Data to use =>
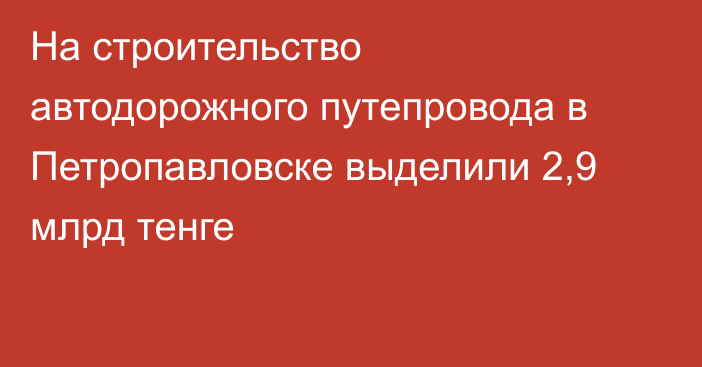 На строительство автодорожного путепровода в Петропавловске выделили 2,9 млрд тенге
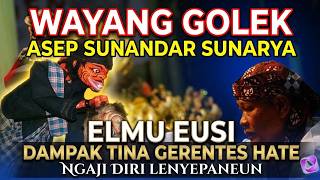 Download lagu ELMU EUSI DAMPAK TINA GERENTES HATE | NGAJI DIRI LENYEPANEUN | Wayang golek Asep Sunandar mp3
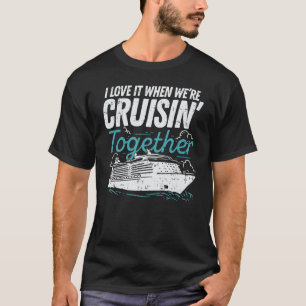 I love it when we're cruising together I Cruiser G T-Shirt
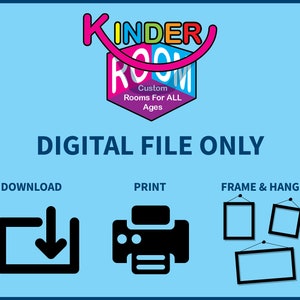 May include: Digital file only graphic with a colorful logo that says "Kinder Room" and the text "Custom Rooms For ALL Ages". The graphic also shows a download icon, a printer icon, and three frames with hanging hooks.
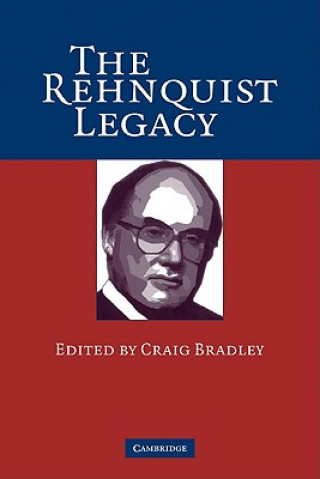 Книга Rehnquist Legacy Craig Bradley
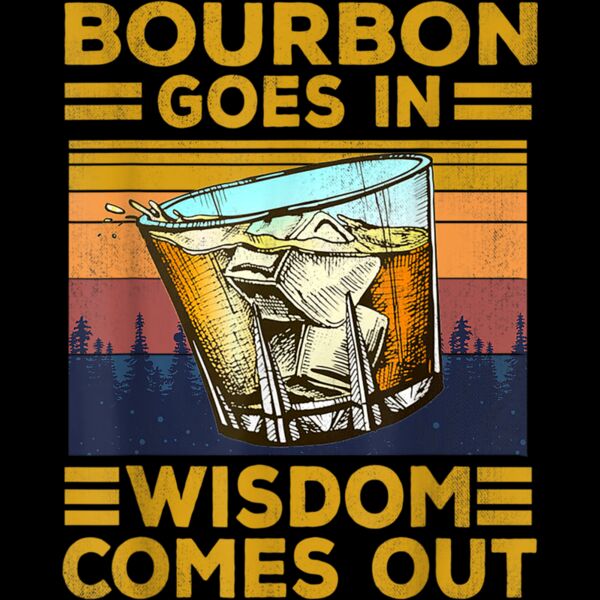 Bourbon Goes In Wisdom Comes Out Vintage Bourbon Drinking T Shirt Thumbnail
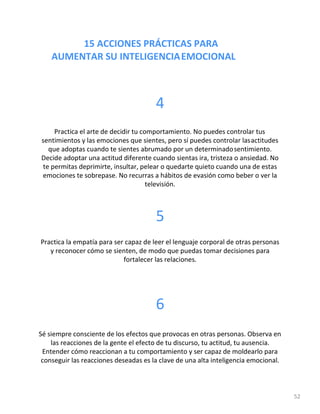 15 ACCIONES PRÁCTICAS PARA
AUMENTAR SU INTELIGENCIAEMOCIONAL
52
4
Practica el arte de decidir tu comportamiento. No puedes controlar tus
sentimientos y las emociones que sientes, pero sí puedes controlar lasactitudes
que adoptas cuando te sientes abrumado por un determinadosentimiento.
Decide adoptar una actitud diferente cuando sientas ira, tristeza o ansiedad. No
te permitas deprimirte, insultar, pelear o quedarte quieto cuando una de estas
emociones te sobrepase. No recurras a hábitos de evasión como beber o ver la
televisión.
5
Practica la empatía para ser capaz de leer el lenguaje corporal de otras personas
y reconocer cómo se sienten, de modo que puedas tomar decisiones para
fortalecer las relaciones.
6
Sé siempre consciente de los efectos que provocas en otras personas. Observa en
las reacciones de la gente el efecto de tu discurso, tu actitud, tu ausencia.
Entender cómo reaccionan a tu comportamiento y ser capaz de moldearlo para
conseguir las reacciones deseadas es la clave de una alta inteligencia emocional.
 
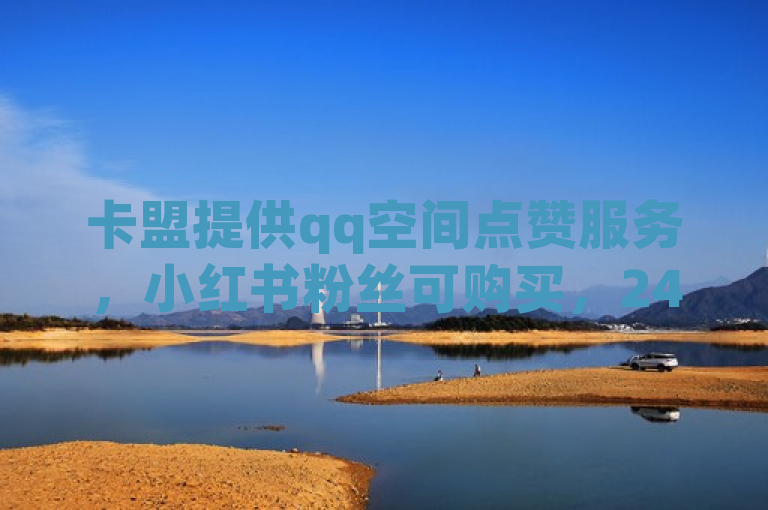 卡盟提供qq空间点赞服务，小红书粉丝可购买，24小时自助下单。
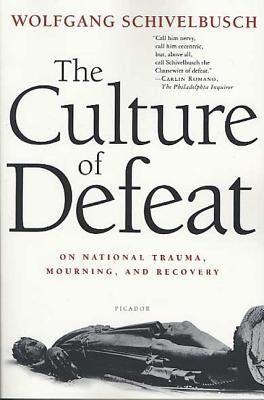 The Culture of Defeat: On National Trauma, Mourning, and Recovery Paperback Picador USA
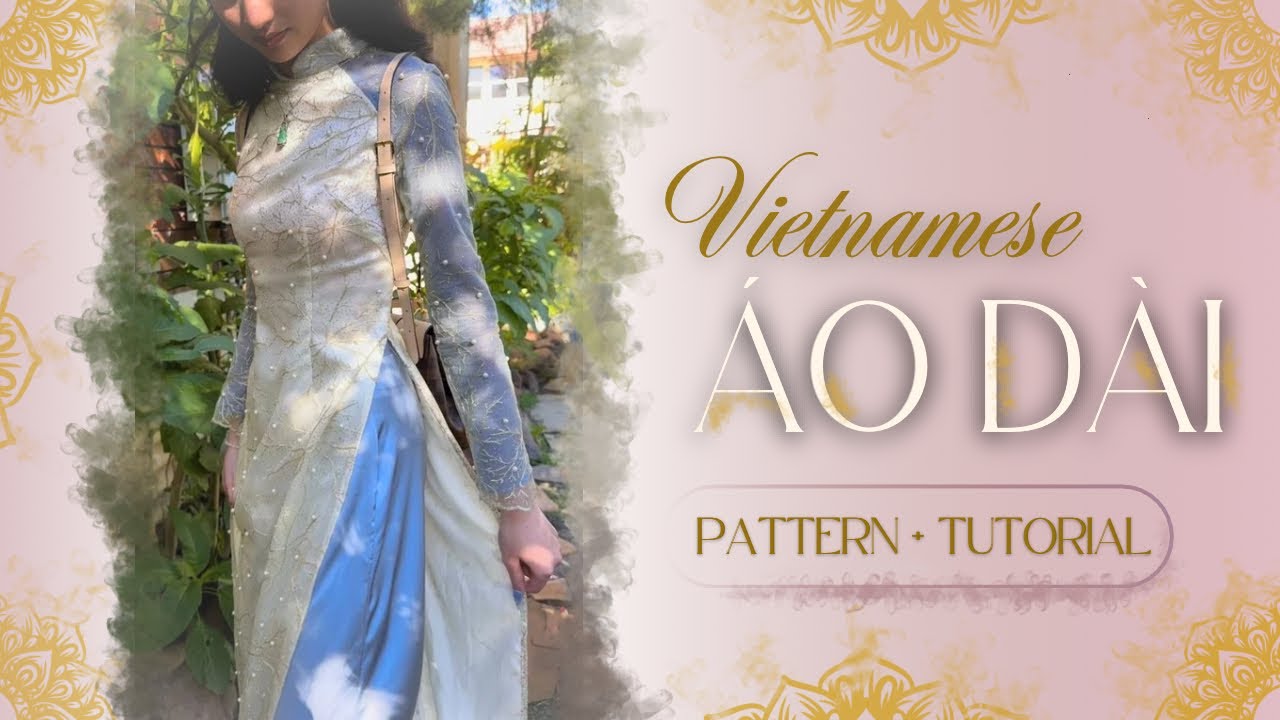 How to Sew an Áo Dài | Traditional Vietnamese Dress + Wide Leg Pants Sewing Tutorial & Pattern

The problem =>
Please restate the whole listing exactly, without any of its pictures.

Response to the exercise =>
 На строительство автодорожного путепровода в Петропавловске выделили 2,9 млрд тенге
 Download lagu ELMU EUSI DAMPAK TINA GERENTES HATE | NGAJI DIRI LENYEPANEUN | Wayang golek Asep Sunandar mp3
 I love it when we're cruising together I Cruiser G T-Shirt
 May include: Digital file only graphic with a colorful logo that says "Kinder Room" and the text "Custom Rooms For ALL Ages". The graphic also shows a download icon, a printer icon, and three frames with hanging hooks.
 Книга Rehnquist Legacy Craig Bradley
 Bourbon Goes In Wisdom Comes Out Vintage Bourbon Drinking T Shirt Thumbnail
 15 ACCIONES PRÁCTICAS PARA
AUMENTAR SU INTELIGENCIAEMOCIONAL
52
4
Practica el arte de decidir tu comportamiento. No puedes controlar tus
sentimientos y las emociones que sientes, pero sí puedes controlar lasactitudes
que adoptas cuando te sientes abrumado por un determinadosentimiento.
Decide adoptar una actitud diferente cuando sientas ira, tristeza o ansiedad. No
te permitas deprimirte, insultar, pelear o quedarte quieto cuando una de estas
emociones te sobrepase. No recurras a hábitos de evasión como beber o ver la
televisión.
5
Practica la empatía para ser capaz de leer el lenguaje corporal de otras personas
y reconocer cómo se sienten, de modo que puedas tomar decisiones para
fortalecer las relaciones.
6
Sé siempre consciente de los efectos que provocas en otras personas. Observa en
las reacciones de la gente el efecto de tu discurso, tu actitud, tu ausencia.
Entender cómo reaccionan a tu comportamiento y ser capaz de moldearlo para
conseguir las reacciones deseadas es la clave de una alta inteligencia emocional.
 
 卡盟提供qq空间点赞服务，小红书粉丝可购买，24小时自助下单。
 The Culture of Defeat: On National Trauma, Mourning, and Recovery Paperback Picador USA
 How to Sew an Áo Dài | Traditional Vietnamese Dress + Wide Leg Pants Sewing Tutorial & Pattern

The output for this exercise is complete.